Given the increasingly important role of information systems (IS) in organizations, IS-design issues have been the focus of a substantial amount of IS literature. Previous research dealt with at least two dimensions in the design and implementation of information systems to support organizational processes. The software engineering dimension addresses the challenges of creating a cost-effective implementation of a system that is reliable, is easy to modify when users need change, and can be upgraded to new hardware platforms. The user-acceptance dimension is based on the evaluation by system users in terms of its relevance, usefulness, ease of use, satisfaction with the outcomes, the ability to exchange information with other participants, etc.

However, a system that takes into account only principles from the above two dimensions will not necessarily lead to a successful organizational outcome. A personal anecdote illustrates this phenomenon. As part of its knowledge-management initiative, a big consulting firm created a new knowledge repository where consultants could record their knowledge gained from past experience, so that the knowledge could be used by their associates facing similar situations. The organizational objective was to leverage the consultants' collective knowledge for value generation. In marketing this knowledge repository, a consultant from this company boasted that by hiring his firm, a client was hiring not just one consultant, but rather a network consisting of thousands of consultants who had made their knowledge available in this knowledge repository. When asked whether he had contributed his knowledge to the system, the consultant answered that he would have liked to, but that he had not yet done so because he had been too busy. So, while the knowledge-repository software may have qualified as a well-built system from a software engineering perspective, and the users may have perceived the system to be useful, the system did not lead to a satisfactory organizational outcome because there was no incentive for consultants to make the effort to input their individual knowledge into the system's knowledge repository.

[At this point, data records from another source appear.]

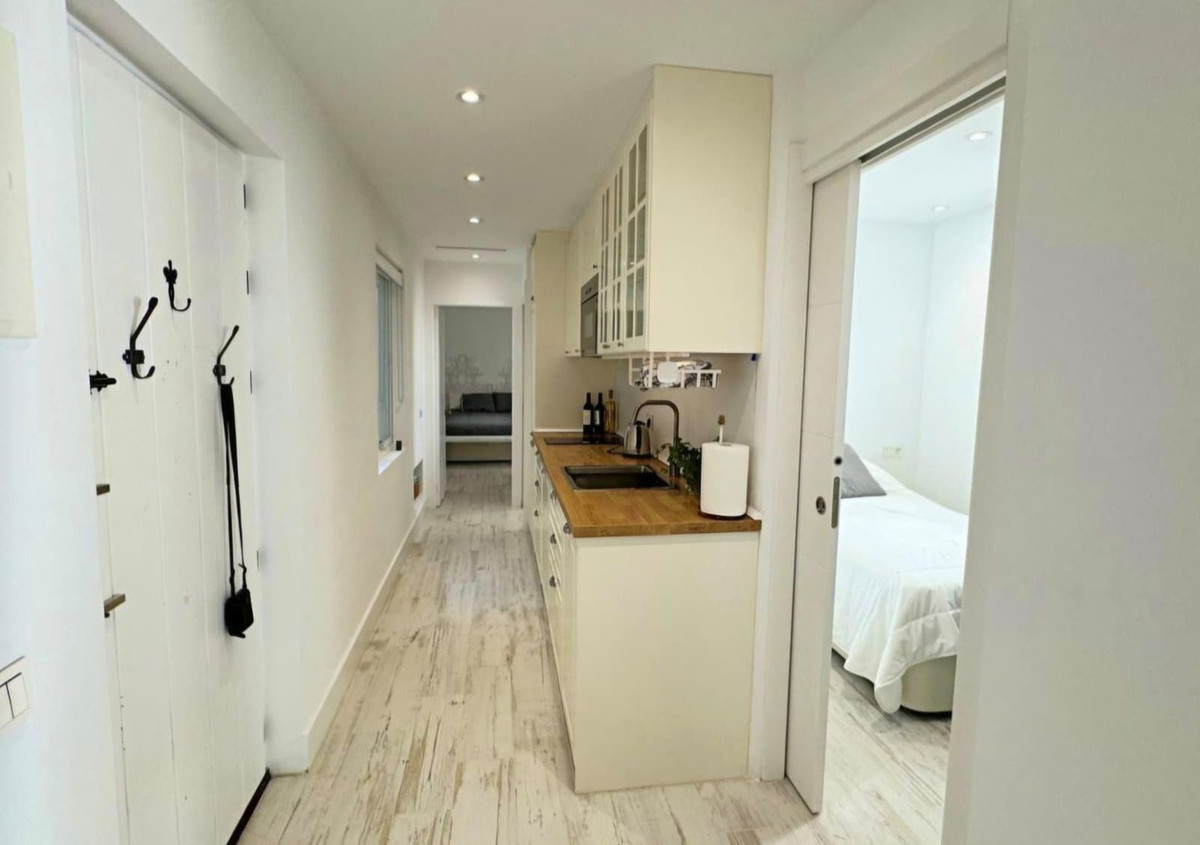Se vende Apartamento Planta Media de 2 dormitorios en Costa Del Sol, Málaga, España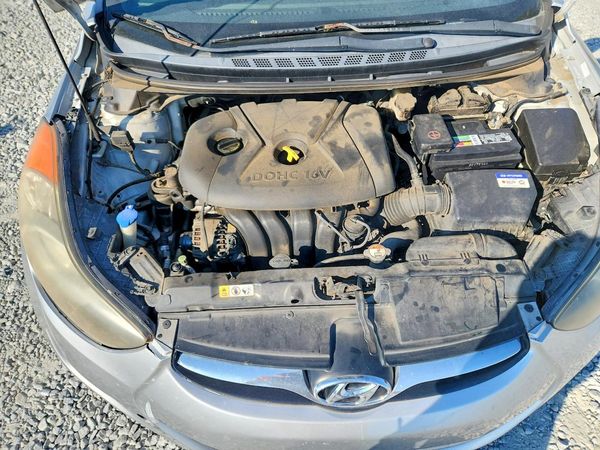 2013 HYUNDAI ELANTRA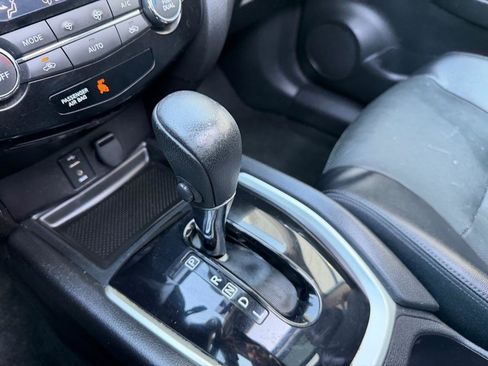 Used 2016 Nissan Rogue SL w/ SL Premium Package image 27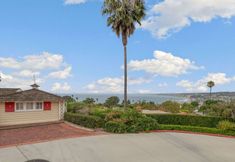 기타 3 Breathtaking Ocean Views and Garden Patio - Charming Coastal Sanctuary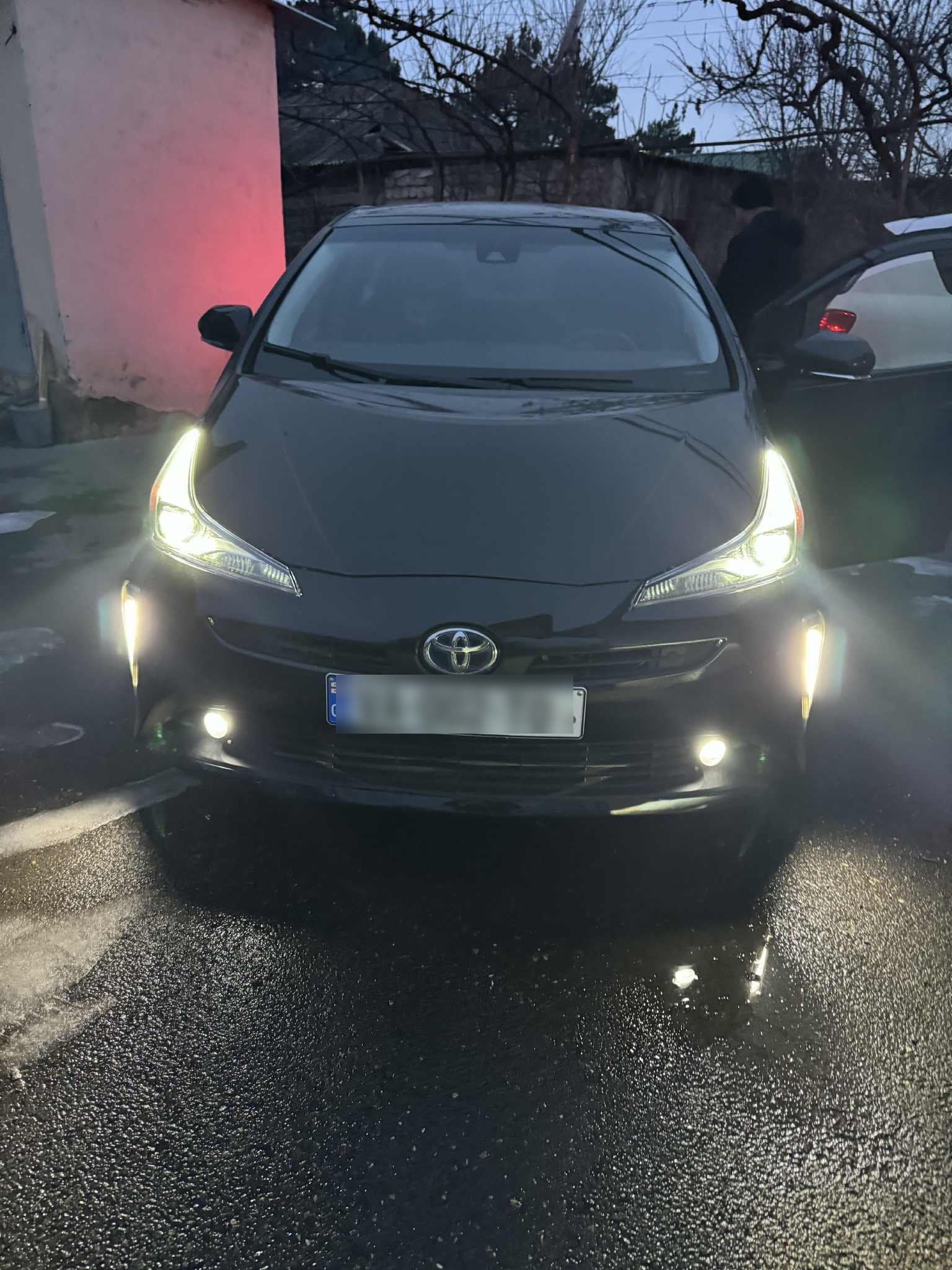 Toyota Prius - фото 1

We believe that as organizational processes are increasingly embedded in information systems, one of the key considerations of many business processes--organizational incentives--should become the third dimension of any information systems design and evaluation. We call this third dimension incentive alignment. It addresses the high-level design issues that recognize the interests and incentives of the users participating in the process (e.g., users' own objectives may differ from the corporate objectives), the differences in the distribution of information across the users, and the desirability of the eventual collective choice from the organization's standpoint. There are two fundamental, interrelated issues in this dimension. First, given the organizational process embedded in the information system, are organizational incentives in place for users to use the system as intended? That is, will the users make the effort to produce correct information? Will they input the true and accurate information they have? Or can they gain from distorting information? Second, will the use of the information system for a business process yield outcomes that contribute to reaching the organization's objectives? Is it robust against information misrepresentation from its users? Systems can be fault tolerant and easy to use but may fail to contribute to the organizational goal. A design methodology is needed that ensures that the new system and the embedded organizational process will be aligned with the organizational goals. Consequently, an information system should be evaluated along this dimension as well.